Le 26 avril 2026 dernier, à Ndzerem-Nyam, localité du Département du Bui dans la Région du Nord-Ouest, des affrontements d’une ampleur inhabituelle ont mis aux prises un important regroupement de terroristes des diverses factions armées écumant la zone et une section pédestre de nos troupes en mission de ratissage, agissant sur la base de renseignements fournis par les populations. Les tenants et aboutissants de cette opération ont d’ailleurs fait l’objet d’une communication détaillée de la part des pouvoirs publics.

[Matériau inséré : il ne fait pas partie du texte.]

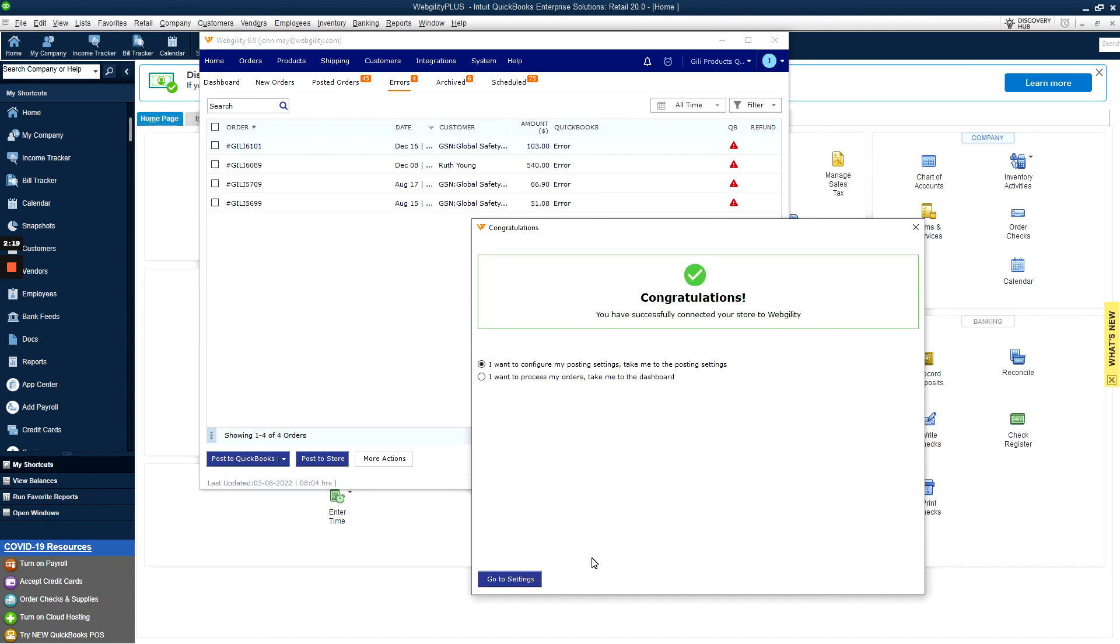Congratulations! You're connected, and now can proceed to the posting settings, which we'll cover in a future video. Thanks for watching, and we'll see you in the next one!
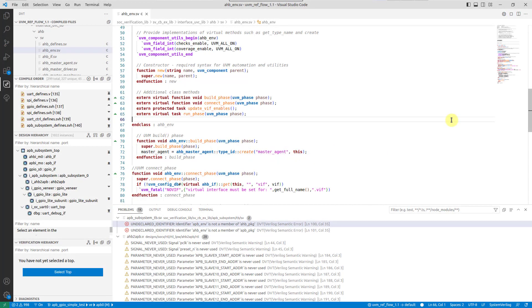VS Code tasks allow you to run any external tool from within the IDE. Problem matchers can scan the output of a task for known error patterns and back annotate them to the source code.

Mais alors que les populations martyrisées par ces insurgés sans foi ni loi pouvaient pousser un ouf de soulagement, une certaine société civile, sans visage ni adresse connus, y est allée de son insinuation selon laquelle, dans leur action, nos vaillantes Forces de Défense et de Sécurité n’auraient pas respecté le principe de proportionnalité.

Rappelons que la proportionnalité est un principe fondamental en droit international, qui conditionne la légalité d’une action au respect d’un équilibre entre l’objectif et les moyens utilisés. Cette disposition à la fois juridique et humanitaire s’applique notamment au recours à la force publique par un État pour rétablir l’ordre et la sécurité publique en période de troubles ou de tensions.

Dans le cas d’espèce, il s’est agi d’une infiltration tout en souplesse qui n’aura nécessité ni armes lourdes ni véhicules blindés, encore moins l’usage de l’artillerie ou de l’aviation. Des moyens certes puissants, mais d’une efficacité possiblement dérisoire et probablement dommageable pour l’environnement humain et matériel immédiat, eu égard au résultat escompté. La neutralisation desdits terroristes s’est ainsi faite au seul fusil d’assaut de petit calibre, et sur les lieux mêmes de leur regroupement.

Ceci dit, il y a lieu de s’interroger sur le tropisme de la société dite civile, en faveur des insurgés terroristes chaque fois que ces propagateurs de la violence armée indiscriminée sont mis en difficulté. Un parti pris manifeste et récurrent qui se fait au détriment des populations civiles censées être défendues par cette nébuleuse vraisemblablement plus attirée par le lucre que par l’humanisme.

Car jusqu’ici, jamais l’on n’a entendu la société dite civile dénoncer les crimes perpétrés par les bandes de terroristes. Vols, viols, assassinats, extorsions, tortures et enlèvements dont sont victimes nos paisibles populations ne reçoivent de sa part que le silence et l’indifférence, à défaut de se voir reprocher leur collaboration avec les forces de maintien de l’ordre. De là à penser qu’il s’agit d’une société civile stipendiée, il n’y a qu’un pas, d’autant qu’il est courant d’apercevoir certains individus se prévalant d’en être, faisant la manche auprès de quelques vitrines étrangères.

Pour sa part, et tout en assumant la pleine et entière responsabilité de sa souveraineté sur son territoire, le Cameroun demeure respectueux de ses engagements internationaux, surtout lorsque ces derniers touchent à la sacralité de la personne humaine. Les principes de proportionnalité et de discrimination ont ainsi été érigés en facteurs d’évaluation obligatoires préalablement à toute action. Pour nos soldats, la suppression d’une vie humaine relève donc de l’ultime recours, et non pas d’une disposition systématique.

La troupe étant à l’image de son chef, il ne saurait en être autrement, de la part d’hommes et de femmes ayant reçu entre autres missions, de garantir la sécurité des personnes et des biens, de concourir au bien-être desdites personnes à travers des actions civilo-militaires d’aide au développement, et de convaincre les porteurs d’armes, de rejoindre les centres de désarmement, de démobilisation et de réintégration opportunément mis sur pied à leur adresse, par le Président de la République, Chef des Forces Armées, mendiant notoire de la Paix.